I believe that the way wolves should be managed is which ever way each state decides. Individual citizens have individual opinions about wolf management. State legislatures and Departments of Natural Resources must balance all these many conflicting views while ensuring that their wolf populations survive but conflict minimally with humans. As long as the wolf is no longer endangered in a particular state, I support that state’s approach to managing its wolves.

In Idaho and Wyoming, at least, this almost certainly means a return to extermination outside of national park boundaries.

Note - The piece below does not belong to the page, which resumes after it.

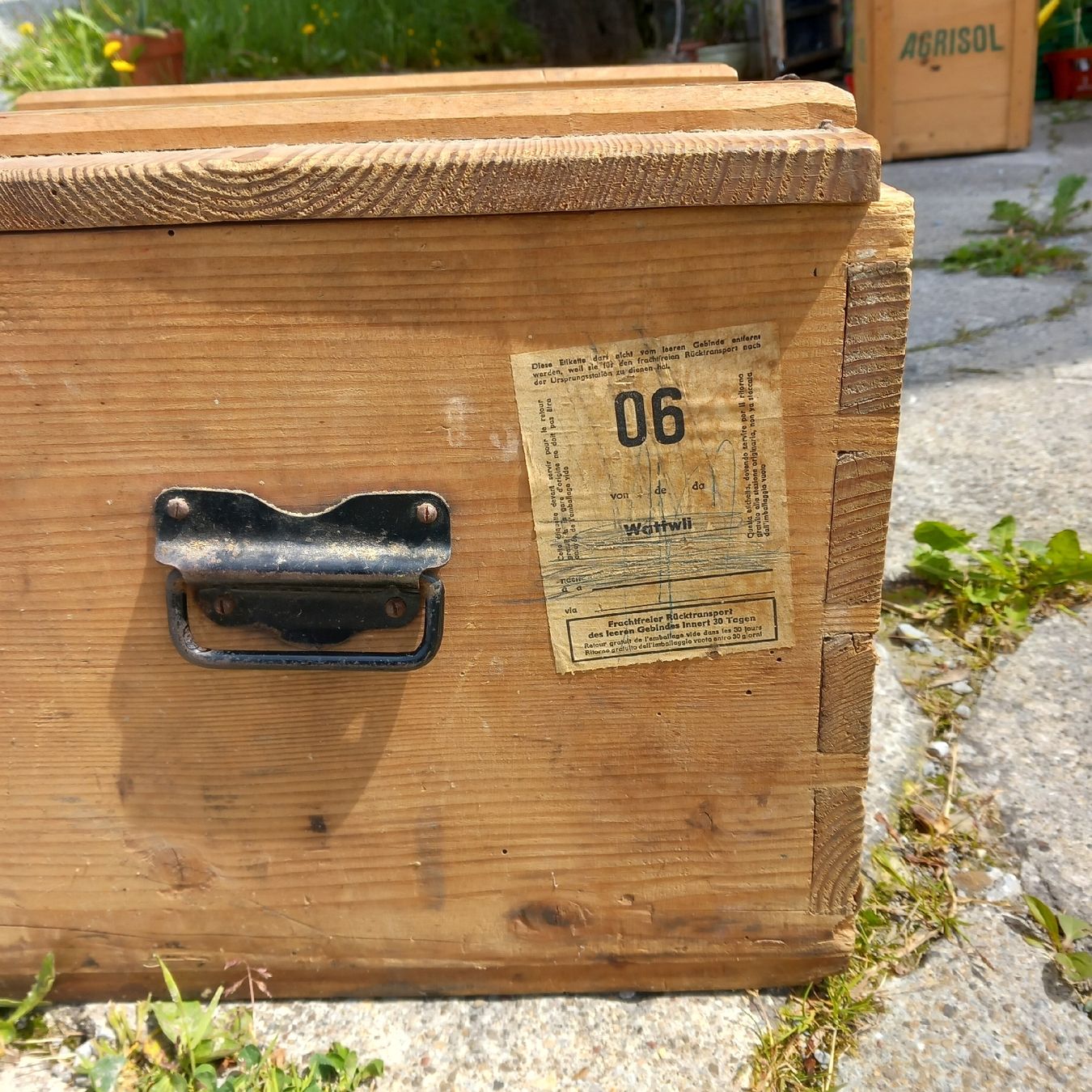 Casse di trasporto: Vintage Eierkiste aus Holz – Usato da Ebnat-Kappel venduto da blazzi 2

Ironically, Indigenous peoples such as the Nez Perce in Idaho and the Chippewa in Wisconsin have stepped forward to fill the gap Mech has created (Pierotti and Fogg 2017:289):

all tribes in Wisconsin have requested that no wolf hunts take place and no hunters be allowed to kill wolves on tribal lands.  … Some tribes have gone well beyond simple requests, employing serious leverage. In retaliation for wolf hunts, six bands of Chippewa in northern Wisconsin declared their intention to spear a near-record number of walleyes during the annual spring harvest, terminating a 1997 agreement with the state and effectively shutting down the sport fishing season (Fogg et al. 2015). Such actions resulted because the relationship between the state and tribes has become increasingly strained, primarily because the tribes strongly opposed opening a wolf hunting and trapping season starting in 2012.

We find it encouraging that the very peoples whose cultural legacy and beliefs Mech disparages and dismisses in his paper are the ones who are trying to save the species that Mech dedicated his life to studying and is now condemning to the ministrations of state governments.

Declarations

Permissions: None declared.

Sources of funding: None declared.

Conflicts of Interest: None declared.